Matthijs Wouter Knol

As well as being a benefit to rights­holders, offering a larger window to promote nominated films, the date shift will buoy the nominees during the international awards season, etching the ceremony closer to the Golden Globes, the Baftas and the Oscars.

“Some people have said, ‘Won’t you make the European Film Awards a subordinate event to the Oscars?’” Wouter Knol admits. “I don’t see any issue in that, because the visibility and the importance of the Oscars for the international and European film industry is very big. It’s only an advantage of the European Film Awards to become a not-to-miss stopover towards the Oscars.”

Another change from 2026 will be a shift in eligibility dates for nominated films. The exact timeframe has yet to be pinned down by the EFA board and will be announced in 2025, but the current rules stipulate that films must have had their first official screening, at a festival, cinema or online, between June 1 and May 31.

The window allows titles from Berlin and Cannes to compete in one year while it is harder for films from the summer and early fall festivals, including Venice, Toronto and San Sebastian, to qualify. “The aim is for it to be easier for films in the last half of the year and for other films that are not necessarily in festivals, to be included,” Wouter Knol explains, with Quo Vadis, Aida? a notable example of a film that premiered at Venice in 2020, competed in the Bafta and Oscar race in 2021, and then tardily swept up at the European Film Awards in December 2021.

In the wake of EFA’s first-ever membership survey, sent out to its 4,600 members with the results published in October, EFA is also looking to introduce membership chapters. The aim, Wouter Knol says, is to help members “feel more connected and more involved”. Chapters that are linked to the Excellence Awards — cinematography, editing, production design, costume design, make-up and hair, original score, sound and visual effects — will be introduced in 2024, and expanded in the years that follow.

The EFA board membership has also been restructured for 2024 to improve representation from different parts of Europe, with the fresh line-up to be unveiled in December. The developments appear to be paying dividends, with Wouter Knol citing an increased appetite in the industry to join the academy. “For years there was a slow growth,” he says, “but in the past two years, each year we had 400-500 new members.”

How much longer Wouter Knol has in his post to push through further evolution is not set in stone. The Netherlands-born, Berlin-based executive is not on a fixed-term contract so has no formal end-date, and with the Berlinale artistic director position up for grabs, some pundits felt the former director of the European Film Market might be a leading contender to succeed Carlo Chatrian. “I’m not a candidate,” he insists.
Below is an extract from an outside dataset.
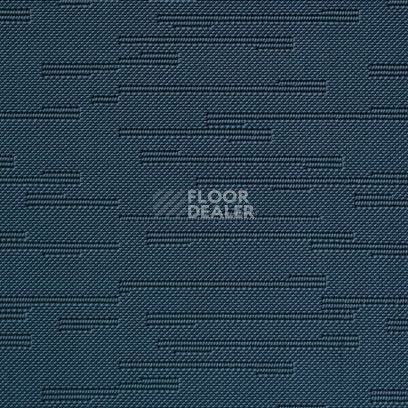 Ковролин Carpet Concept Ply Geometric Scale Dark Blue фото 1 | FLOORDEALER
For now, Wouter Knol’s mind is focused on the task at hand — delivering a successful awards ceremony that will take place as tensions continue to run high in Europe in the wake of the Israel-Hamas war. He says the academy is prepared, should the ceremony become a platform for protest or political statement.

“Filmmakers will have the chance to speak their mind,” he says. “If we bring filmmakers together, we want to make sure people can address what they want to say.”